* [WORK REQUIRED] Print the records below from the first line through the line containing "809 1/2 E 17th St #1 - Photo 7 of 8", both included, word for word.
:::
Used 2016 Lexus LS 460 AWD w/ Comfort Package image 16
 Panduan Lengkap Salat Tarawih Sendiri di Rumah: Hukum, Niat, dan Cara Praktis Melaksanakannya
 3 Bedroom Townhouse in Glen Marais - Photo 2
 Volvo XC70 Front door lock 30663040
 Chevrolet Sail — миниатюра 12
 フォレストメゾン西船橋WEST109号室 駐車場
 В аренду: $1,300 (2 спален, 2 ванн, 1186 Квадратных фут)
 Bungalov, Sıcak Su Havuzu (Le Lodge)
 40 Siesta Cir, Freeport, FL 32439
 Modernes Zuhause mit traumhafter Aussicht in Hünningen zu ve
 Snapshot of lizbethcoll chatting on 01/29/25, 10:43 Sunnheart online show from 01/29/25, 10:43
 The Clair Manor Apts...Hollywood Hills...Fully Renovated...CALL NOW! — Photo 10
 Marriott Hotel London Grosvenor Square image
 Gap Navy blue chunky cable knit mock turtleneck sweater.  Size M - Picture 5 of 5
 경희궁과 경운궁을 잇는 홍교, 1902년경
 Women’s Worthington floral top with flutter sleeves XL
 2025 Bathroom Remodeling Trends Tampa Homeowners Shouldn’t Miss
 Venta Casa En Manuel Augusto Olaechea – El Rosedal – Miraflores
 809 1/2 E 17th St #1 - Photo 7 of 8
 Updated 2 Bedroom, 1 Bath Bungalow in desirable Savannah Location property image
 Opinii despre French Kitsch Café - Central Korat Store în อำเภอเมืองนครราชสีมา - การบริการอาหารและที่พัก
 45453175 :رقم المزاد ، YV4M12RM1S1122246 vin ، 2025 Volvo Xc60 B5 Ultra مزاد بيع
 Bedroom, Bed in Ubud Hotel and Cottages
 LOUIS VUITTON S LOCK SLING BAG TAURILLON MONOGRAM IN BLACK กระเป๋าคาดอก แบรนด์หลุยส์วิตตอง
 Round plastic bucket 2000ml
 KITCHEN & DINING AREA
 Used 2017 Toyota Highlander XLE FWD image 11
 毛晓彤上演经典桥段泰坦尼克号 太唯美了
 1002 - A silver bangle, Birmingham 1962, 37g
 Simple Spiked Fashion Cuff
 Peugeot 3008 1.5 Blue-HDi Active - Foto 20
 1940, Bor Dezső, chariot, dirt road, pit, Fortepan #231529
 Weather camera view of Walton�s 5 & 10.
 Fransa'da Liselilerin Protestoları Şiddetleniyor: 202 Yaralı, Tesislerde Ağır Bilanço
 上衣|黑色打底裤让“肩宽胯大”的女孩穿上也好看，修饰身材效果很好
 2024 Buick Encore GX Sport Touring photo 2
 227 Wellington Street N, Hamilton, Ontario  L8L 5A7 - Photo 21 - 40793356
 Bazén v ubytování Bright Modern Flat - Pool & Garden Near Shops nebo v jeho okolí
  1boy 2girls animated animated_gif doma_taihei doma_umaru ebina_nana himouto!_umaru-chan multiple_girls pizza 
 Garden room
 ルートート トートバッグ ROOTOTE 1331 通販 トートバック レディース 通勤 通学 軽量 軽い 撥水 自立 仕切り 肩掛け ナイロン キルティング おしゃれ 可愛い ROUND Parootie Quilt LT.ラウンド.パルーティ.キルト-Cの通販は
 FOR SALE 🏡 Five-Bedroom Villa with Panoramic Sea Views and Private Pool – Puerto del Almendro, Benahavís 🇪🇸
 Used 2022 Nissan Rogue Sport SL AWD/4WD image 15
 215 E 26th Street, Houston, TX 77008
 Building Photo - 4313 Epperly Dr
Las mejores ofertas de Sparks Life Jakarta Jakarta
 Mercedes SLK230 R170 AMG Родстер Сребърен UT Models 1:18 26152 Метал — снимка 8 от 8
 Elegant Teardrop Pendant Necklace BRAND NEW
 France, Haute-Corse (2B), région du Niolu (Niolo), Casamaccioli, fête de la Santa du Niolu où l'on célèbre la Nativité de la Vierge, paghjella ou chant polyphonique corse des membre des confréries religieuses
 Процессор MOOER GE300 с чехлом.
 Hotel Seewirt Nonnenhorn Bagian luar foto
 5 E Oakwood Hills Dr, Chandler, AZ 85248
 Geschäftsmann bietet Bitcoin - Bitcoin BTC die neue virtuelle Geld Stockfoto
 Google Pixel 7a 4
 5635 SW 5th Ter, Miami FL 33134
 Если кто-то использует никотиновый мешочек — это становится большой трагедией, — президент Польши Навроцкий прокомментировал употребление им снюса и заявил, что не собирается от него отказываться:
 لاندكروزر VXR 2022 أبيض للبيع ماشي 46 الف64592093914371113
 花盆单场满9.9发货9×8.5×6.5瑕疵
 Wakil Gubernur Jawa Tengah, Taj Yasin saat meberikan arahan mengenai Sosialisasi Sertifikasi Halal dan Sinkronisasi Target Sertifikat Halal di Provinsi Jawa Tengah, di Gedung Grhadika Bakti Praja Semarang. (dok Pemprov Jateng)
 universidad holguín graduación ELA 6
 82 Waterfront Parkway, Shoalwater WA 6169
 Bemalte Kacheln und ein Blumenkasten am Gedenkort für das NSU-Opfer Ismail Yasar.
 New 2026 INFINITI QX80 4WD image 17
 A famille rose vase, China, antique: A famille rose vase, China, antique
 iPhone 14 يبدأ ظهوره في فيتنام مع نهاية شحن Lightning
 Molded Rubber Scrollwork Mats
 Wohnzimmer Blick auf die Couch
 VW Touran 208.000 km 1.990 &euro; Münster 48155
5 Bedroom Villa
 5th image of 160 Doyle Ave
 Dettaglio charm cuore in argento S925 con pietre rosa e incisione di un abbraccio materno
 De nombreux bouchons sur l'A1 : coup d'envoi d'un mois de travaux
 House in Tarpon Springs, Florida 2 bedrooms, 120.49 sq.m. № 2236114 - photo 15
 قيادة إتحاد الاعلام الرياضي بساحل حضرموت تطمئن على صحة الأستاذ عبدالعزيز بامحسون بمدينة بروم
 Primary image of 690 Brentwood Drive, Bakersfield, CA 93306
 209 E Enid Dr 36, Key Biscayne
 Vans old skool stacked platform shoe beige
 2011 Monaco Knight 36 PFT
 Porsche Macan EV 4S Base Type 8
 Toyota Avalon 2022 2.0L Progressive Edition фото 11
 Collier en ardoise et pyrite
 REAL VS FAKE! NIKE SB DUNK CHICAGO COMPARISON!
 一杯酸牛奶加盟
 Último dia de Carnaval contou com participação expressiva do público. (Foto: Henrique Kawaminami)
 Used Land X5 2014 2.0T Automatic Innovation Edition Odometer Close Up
:::
* [WORKED SOLUTION]
Used 2016 Lexus LS 460 AWD w/ Comfort Package image 16
 Panduan Lengkap Salat Tarawih Sendiri di Rumah: Hukum, Niat, dan Cara Praktis Melaksanakannya
 3 Bedroom Townhouse in Glen Marais - Photo 2
 Volvo XC70 Front door lock 30663040
 Chevrolet Sail — миниатюра 12
 フォレストメゾン西船橋WEST109号室 駐車場
 В аренду: $1,300 (2 спален, 2 ванн, 1186 Квадратных фут)
 Bungalov, Sıcak Su Havuzu (Le Lodge)
 40 Siesta Cir, Freeport, FL 32439
 Modernes Zuhause mit traumhafter Aussicht in Hünningen zu ve
 Snapshot of lizbethcoll chatting on 01/29/25, 10:43 Sunnheart online show from 01/29/25, 10:43
 The Clair Manor Apts...Hollywood Hills...Fully Renovated...CALL NOW! — Photo 10
 Marriott Hotel London Grosvenor Square image
 Gap Navy blue chunky cable knit mock turtleneck sweater.  Size M - Picture 5 of 5
 경희궁과 경운궁을 잇는 홍교, 1902년경
 Women’s Worthington floral top with flutter sleeves XL
 2025 Bathroom Remodeling Trends Tampa Homeowners Shouldn’t Miss
 Venta Casa En Manuel Augusto Olaechea – El Rosedal – Miraflores
 809 1/2 E 17th St #1 - Photo 7 of 8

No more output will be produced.